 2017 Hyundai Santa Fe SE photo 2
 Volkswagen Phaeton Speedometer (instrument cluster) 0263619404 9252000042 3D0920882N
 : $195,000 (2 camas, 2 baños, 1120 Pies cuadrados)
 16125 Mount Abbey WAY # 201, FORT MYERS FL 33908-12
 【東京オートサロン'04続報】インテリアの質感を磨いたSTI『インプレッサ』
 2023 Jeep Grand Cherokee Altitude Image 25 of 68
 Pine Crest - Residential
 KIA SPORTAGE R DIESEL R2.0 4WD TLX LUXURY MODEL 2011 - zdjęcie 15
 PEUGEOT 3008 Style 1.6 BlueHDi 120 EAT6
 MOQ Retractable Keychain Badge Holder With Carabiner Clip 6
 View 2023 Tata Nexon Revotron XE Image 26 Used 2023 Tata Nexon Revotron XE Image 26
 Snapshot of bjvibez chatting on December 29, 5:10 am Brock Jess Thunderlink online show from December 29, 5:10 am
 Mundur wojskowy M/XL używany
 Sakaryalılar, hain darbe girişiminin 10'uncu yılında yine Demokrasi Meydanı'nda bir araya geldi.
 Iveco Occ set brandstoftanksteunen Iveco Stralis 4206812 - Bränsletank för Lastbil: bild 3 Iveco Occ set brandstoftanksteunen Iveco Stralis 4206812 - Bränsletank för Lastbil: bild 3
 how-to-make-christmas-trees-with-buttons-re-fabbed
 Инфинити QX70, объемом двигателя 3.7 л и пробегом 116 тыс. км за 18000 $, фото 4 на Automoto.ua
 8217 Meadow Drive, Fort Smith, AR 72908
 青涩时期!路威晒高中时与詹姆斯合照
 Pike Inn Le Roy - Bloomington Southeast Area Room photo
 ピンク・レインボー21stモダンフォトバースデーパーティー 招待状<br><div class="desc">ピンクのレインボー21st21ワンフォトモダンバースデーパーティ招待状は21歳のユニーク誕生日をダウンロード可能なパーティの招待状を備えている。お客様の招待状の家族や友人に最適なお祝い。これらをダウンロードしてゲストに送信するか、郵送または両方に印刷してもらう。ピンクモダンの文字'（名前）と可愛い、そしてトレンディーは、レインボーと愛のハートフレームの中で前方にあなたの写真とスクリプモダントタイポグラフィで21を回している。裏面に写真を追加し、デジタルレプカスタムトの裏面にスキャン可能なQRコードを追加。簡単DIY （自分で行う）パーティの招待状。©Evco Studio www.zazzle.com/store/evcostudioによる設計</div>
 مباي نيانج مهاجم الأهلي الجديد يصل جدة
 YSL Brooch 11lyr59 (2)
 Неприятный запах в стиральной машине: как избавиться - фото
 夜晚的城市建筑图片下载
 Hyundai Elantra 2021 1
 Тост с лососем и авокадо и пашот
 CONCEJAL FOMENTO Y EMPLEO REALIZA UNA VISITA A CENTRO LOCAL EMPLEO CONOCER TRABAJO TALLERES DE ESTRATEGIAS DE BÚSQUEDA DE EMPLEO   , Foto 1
--------------------------------------------------
Work to complete: Check each line of the data above, and please copy the ones in which the string "Hyundai" occurs.

Task output:
 2017 Hyundai Santa Fe SE photo 2
 Hyundai Elantra 2021 1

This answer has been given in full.